È chiaro che il paradosso di Kim Ki-Duk investe la sfera di quel particolare problema psicologico che si definisce «accettazione di sé» e che l’autore lo percorre senza appendici scientifiche, ma sfruttando al massimo le possibilità visionarie offerte dal racconto. Il tutto è comunque affascinante, in certo qual modo appassionante e raggiunge il suo climax nella scena in cui i due innamorati si incontrano in un bar. Lui con la propria faccia, lei con una maschera ricavata da una fotografia della faccia di prima.

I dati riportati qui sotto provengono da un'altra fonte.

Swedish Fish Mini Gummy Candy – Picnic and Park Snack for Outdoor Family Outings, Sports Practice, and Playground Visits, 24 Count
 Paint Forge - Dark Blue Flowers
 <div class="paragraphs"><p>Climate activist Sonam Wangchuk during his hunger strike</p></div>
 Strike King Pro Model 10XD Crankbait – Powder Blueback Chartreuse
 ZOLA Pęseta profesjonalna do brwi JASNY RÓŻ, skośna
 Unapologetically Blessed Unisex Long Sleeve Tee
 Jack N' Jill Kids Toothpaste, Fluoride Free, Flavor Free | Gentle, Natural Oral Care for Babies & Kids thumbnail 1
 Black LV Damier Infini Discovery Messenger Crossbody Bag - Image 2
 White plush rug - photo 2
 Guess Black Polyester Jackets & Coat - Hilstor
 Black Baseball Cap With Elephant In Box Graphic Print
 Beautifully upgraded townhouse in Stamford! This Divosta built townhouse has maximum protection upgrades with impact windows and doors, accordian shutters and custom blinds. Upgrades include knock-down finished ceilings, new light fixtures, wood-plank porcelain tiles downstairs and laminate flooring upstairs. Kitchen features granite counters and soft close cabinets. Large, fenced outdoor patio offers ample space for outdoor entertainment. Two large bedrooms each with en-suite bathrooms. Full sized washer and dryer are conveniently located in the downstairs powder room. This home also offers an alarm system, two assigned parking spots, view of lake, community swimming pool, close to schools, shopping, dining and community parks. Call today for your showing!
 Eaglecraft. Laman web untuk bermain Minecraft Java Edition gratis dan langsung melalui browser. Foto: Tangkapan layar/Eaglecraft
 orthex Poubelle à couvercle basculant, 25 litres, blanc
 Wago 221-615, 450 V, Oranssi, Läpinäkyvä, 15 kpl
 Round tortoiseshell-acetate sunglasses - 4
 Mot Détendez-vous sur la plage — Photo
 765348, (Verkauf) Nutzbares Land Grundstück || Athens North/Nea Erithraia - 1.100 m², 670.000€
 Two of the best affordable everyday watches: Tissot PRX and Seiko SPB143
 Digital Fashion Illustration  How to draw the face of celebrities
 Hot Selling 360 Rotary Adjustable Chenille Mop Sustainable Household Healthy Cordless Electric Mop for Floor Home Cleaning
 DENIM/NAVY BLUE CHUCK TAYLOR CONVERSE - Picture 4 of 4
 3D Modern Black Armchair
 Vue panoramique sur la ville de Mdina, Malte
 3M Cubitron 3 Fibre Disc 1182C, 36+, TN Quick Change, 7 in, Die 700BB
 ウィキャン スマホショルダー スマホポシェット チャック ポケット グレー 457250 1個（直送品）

Uno, nessuno, centomila e quant’altro. Ma la vera domanda è: ci si conosce talmente poco da non essere in grado di riconoscersi soltanto perché si ha una faccia diversa?

Ki-Duk racconta tutto questo riuscendo, almeno fino a pochi passi da una conclusione che naturalmente è un inizio, a non cedere alla tentazione di esagerare oltrepassando quella linea che può trasformare il grottesco in ridicolo. Considerando il tipo di tematica affrontata e le caratteristiche del suo stile, bisogna dire che l’autore ha fatto veramente miracoli. Si esce da «Time» con la precisa sensazione che tutto quanto abbiamo visto ci riguardi da vicino: basta pensare che non è indispensabile ricorrere alla chirurgia per cambiare faccia e il gioco è fatto. Ma, naturalmente, è tutt’altro che un gioco.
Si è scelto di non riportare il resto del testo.